Look at the entries below and reproduce them exactly.
==== RECORDED INFORMATION ====
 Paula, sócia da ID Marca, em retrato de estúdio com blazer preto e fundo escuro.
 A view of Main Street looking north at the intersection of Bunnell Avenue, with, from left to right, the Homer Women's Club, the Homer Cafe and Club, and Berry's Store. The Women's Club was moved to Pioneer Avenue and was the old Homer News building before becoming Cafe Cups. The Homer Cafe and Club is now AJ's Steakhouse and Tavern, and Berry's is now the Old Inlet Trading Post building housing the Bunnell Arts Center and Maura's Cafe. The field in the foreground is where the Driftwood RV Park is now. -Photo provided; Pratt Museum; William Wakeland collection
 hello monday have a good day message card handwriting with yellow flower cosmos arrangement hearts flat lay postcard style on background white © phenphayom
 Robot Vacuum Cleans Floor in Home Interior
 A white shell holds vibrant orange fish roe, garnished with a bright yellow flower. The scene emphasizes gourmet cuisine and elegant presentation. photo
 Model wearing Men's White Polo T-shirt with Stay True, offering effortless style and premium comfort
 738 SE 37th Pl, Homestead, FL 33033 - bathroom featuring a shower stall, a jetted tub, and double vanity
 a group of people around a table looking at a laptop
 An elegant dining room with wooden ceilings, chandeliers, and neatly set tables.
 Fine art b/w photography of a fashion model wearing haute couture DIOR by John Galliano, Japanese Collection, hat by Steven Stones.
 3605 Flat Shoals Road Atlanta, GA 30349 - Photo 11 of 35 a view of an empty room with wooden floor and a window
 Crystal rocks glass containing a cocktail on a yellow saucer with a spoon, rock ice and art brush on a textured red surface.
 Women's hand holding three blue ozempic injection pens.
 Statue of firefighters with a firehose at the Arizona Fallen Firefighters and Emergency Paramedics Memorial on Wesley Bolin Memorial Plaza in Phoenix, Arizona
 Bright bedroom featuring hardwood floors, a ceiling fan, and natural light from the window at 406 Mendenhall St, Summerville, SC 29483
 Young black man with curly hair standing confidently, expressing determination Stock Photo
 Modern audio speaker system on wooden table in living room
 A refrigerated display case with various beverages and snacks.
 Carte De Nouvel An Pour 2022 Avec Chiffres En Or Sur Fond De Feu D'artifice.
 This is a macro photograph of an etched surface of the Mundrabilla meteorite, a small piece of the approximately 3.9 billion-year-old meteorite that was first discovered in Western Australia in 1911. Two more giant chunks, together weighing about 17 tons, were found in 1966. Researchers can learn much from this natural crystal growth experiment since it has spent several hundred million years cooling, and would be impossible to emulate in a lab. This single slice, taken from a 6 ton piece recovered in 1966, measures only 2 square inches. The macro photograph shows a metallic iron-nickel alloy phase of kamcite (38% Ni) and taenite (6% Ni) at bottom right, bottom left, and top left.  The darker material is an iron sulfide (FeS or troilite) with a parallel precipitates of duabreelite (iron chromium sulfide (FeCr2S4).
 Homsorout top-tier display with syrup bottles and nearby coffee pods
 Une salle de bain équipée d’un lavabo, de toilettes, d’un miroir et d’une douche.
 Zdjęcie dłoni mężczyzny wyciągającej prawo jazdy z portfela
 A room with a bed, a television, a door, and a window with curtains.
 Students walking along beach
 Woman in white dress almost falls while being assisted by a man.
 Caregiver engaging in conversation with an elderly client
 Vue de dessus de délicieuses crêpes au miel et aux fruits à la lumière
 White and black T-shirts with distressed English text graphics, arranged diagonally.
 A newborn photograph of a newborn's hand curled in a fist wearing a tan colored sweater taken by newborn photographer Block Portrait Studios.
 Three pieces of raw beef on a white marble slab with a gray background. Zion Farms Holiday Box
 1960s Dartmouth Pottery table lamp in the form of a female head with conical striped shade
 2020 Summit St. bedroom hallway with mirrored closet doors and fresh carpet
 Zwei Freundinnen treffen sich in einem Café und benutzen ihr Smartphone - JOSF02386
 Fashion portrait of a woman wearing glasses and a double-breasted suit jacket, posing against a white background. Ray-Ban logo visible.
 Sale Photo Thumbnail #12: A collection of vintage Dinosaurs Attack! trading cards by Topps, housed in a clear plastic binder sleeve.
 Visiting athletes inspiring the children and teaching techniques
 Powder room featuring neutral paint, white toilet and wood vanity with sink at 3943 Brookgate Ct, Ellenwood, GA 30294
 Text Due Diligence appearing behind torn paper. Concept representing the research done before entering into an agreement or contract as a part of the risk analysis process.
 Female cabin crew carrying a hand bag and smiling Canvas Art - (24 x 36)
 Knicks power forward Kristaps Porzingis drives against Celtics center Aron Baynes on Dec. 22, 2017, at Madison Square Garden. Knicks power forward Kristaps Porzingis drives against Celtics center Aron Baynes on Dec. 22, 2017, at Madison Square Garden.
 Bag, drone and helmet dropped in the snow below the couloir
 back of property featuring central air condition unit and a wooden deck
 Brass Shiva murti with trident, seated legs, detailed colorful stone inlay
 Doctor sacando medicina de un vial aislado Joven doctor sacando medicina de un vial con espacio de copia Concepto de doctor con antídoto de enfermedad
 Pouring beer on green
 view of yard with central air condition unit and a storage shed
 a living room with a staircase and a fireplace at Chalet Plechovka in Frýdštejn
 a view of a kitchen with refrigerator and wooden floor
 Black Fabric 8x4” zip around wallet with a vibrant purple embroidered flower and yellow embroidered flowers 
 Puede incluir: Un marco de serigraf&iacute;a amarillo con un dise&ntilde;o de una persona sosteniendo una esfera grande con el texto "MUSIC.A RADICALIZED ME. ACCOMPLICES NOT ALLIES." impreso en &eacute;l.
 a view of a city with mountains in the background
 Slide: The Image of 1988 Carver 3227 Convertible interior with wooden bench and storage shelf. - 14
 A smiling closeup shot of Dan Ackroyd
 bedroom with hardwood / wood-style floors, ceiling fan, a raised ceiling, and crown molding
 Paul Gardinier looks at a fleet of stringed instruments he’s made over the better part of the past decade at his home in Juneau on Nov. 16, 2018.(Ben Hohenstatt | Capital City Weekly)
====
TASK SOLUTION:
 Paula, sócia da ID Marca, em retrato de estúdio com blazer preto e fundo escuro.
 A view of Main Street looking north at the intersection of Bunnell Avenue, with, from left to right, the Homer Women's Club, the Homer Cafe and Club, and Berry's Store. The Women's Club was moved to Pioneer Avenue and was the old Homer News building before becoming Cafe Cups. The Homer Cafe and Club is now AJ's Steakhouse and Tavern, and Berry's is now the Old Inlet Trading Post building housing the Bunnell Arts Center and Maura's Cafe. The field in the foreground is where the Driftwood RV Park is now. -Photo provided; Pratt Museum; William Wakeland collection
 hello monday have a good day message card handwriting with yellow flower cosmos arrangement hearts flat lay postcard style on background white © phenphayom
 Robot Vacuum Cleans Floor in Home Interior
 A white shell holds vibrant orange fish roe, garnished with a bright yellow flower. The scene emphasizes gourmet cuisine and elegant presentation. photo
 Model wearing Men's White Polo T-shirt with Stay True, offering effortless style and premium comfort
 738 SE 37th Pl, Homestead, FL 33033 - bathroom featuring a shower stall, a jetted tub, and double vanity
 a group of people around a table looking at a laptop
 An elegant dining room with wooden ceilings, chandeliers, and neatly set tables.
 Fine art b/w photography of a fashion model wearing haute couture DIOR by John Galliano, Japanese Collection, hat by Steven Stones.
 3605 Flat Shoals Road Atlanta, GA 30349 - Photo 11 of 35 a view of an empty room with wooden floor and a window
 Crystal rocks glass containing a cocktail on a yellow saucer with a spoon, rock ice and art brush on a textured red surface.
 Women's hand holding three blue ozempic injection pens.
 Statue of firefighters with a firehose at the Arizona Fallen Firefighters and Emergency Paramedics Memorial on Wesley Bolin Memorial Plaza in Phoenix, Arizona
 Bright bedroom featuring hardwood floors, a ceiling fan, and natural light from the window at 406 Mendenhall St, Summerville, SC 29483
 Young black man with curly hair standing confidently, expressing determination Stock Photo
 Modern audio speaker system on wooden table in living room
 A refrigerated display case with various beverages and snacks.
 Carte De Nouvel An Pour 2022 Avec Chiffres En Or Sur Fond De Feu D'artifice.
 This is a macro photograph of an etched surface of the Mundrabilla meteorite, a small piece of the approximately 3.9 billion-year-old meteorite that was first discovered in Western Australia in 1911. Two more giant chunks, together weighing about 17 tons, were found in 1966. Researchers can learn much from this natural crystal growth experiment since it has spent several hundred million years cooling, and would be impossible to emulate in a lab. This single slice, taken from a 6 ton piece recovered in 1966, measures only 2 square inches. The macro photograph shows a metallic iron-nickel alloy phase of kamcite (38% Ni) and taenite (6% Ni) at bottom right, bottom left, and top left.  The darker material is an iron sulfide (FeS or troilite) with a parallel precipitates of duabreelite (iron chromium sulfide (FeCr2S4).
 Homsorout top-tier display with syrup bottles and nearby coffee pods
 Une salle de bain équipée d’un lavabo, de toilettes, d’un miroir et d’une douche.
 Zdjęcie dłoni mężczyzny wyciągającej prawo jazdy z portfela
 A room with a bed, a television, a door, and a window with curtains.
 Students walking along beach
 Woman in white dress almost falls while being assisted by a man.
 Caregiver engaging in conversation with an elderly client
 Vue de dessus de délicieuses crêpes au miel et aux fruits à la lumière
 White and black T-shirts with distressed English text graphics, arranged diagonally.
 A newborn photograph of a newborn's hand curled in a fist wearing a tan colored sweater taken by newborn photographer Block Portrait Studios.
 Three pieces of raw beef on a white marble slab with a gray background. Zion Farms Holiday Box
 1960s Dartmouth Pottery table lamp in the form of a female head with conical striped shade
 2020 Summit St. bedroom hallway with mirrored closet doors and fresh carpet
 Zwei Freundinnen treffen sich in einem Café und benutzen ihr Smartphone - JOSF02386
 Fashion portrait of a woman wearing glasses and a double-breasted suit jacket, posing against a white background. Ray-Ban logo visible.
 Sale Photo Thumbnail #12: A collection of vintage Dinosaurs Attack! trading cards by Topps, housed in a clear plastic binder sleeve.
 Visiting athletes inspiring the children and teaching techniques
 Powder room featuring neutral paint, white toilet and wood vanity with sink at 3943 Brookgate Ct, Ellenwood, GA 30294
 Text Due Diligence appearing behind torn paper. Concept representing the research done before entering into an agreement or contract as a part of the risk analysis process.
 Female cabin crew carrying a hand bag and smiling Canvas Art - (24 x 36)
 Knicks power forward Kristaps Porzingis drives against Celtics center Aron Baynes on Dec. 22, 2017, at Madison Square Garden. Knicks power forward Kristaps Porzingis drives against Celtics center Aron Baynes on Dec. 22, 2017, at Madison Square Garden.
 Bag, drone and helmet dropped in the snow below the couloir
 back of property featuring central air condition unit and a wooden deck
 Brass Shiva murti with trident, seated legs, detailed colorful stone inlay
 Doctor sacando medicina de un vial aislado Joven doctor sacando medicina de un vial con espacio de copia Concepto de doctor con antídoto de enfermedad
 Pouring beer on green
 view of yard with central air condition unit and a storage shed
 a living room with a staircase and a fireplace at Chalet Plechovka in Frýdštejn
 a view of a kitchen with refrigerator and wooden floor
 Black Fabric 8x4” zip around wallet with a vibrant purple embroidered flower and yellow embroidered flowers 
 Puede incluir: Un marco de serigraf&iacute;a amarillo con un dise&ntilde;o de una persona sosteniendo una esfera grande con el texto "MUSIC.A RADICALIZED ME. ACCOMPLICES NOT ALLIES." impreso en &eacute;l.
 a view of a city with mountains in the background
 Slide: The Image of 1988 Carver 3227 Convertible interior with wooden bench and storage shelf. - 14
 A smiling closeup shot of Dan Ackroyd
 bedroom with hardwood / wood-style floors, ceiling fan, a raised ceiling, and crown molding
 Paul Gardinier looks at a fleet of stringed instruments he’s made over the better part of the past decade at his home in Juneau on Nov. 16, 2018.(Ben Hohenstatt | Capital City Weekly)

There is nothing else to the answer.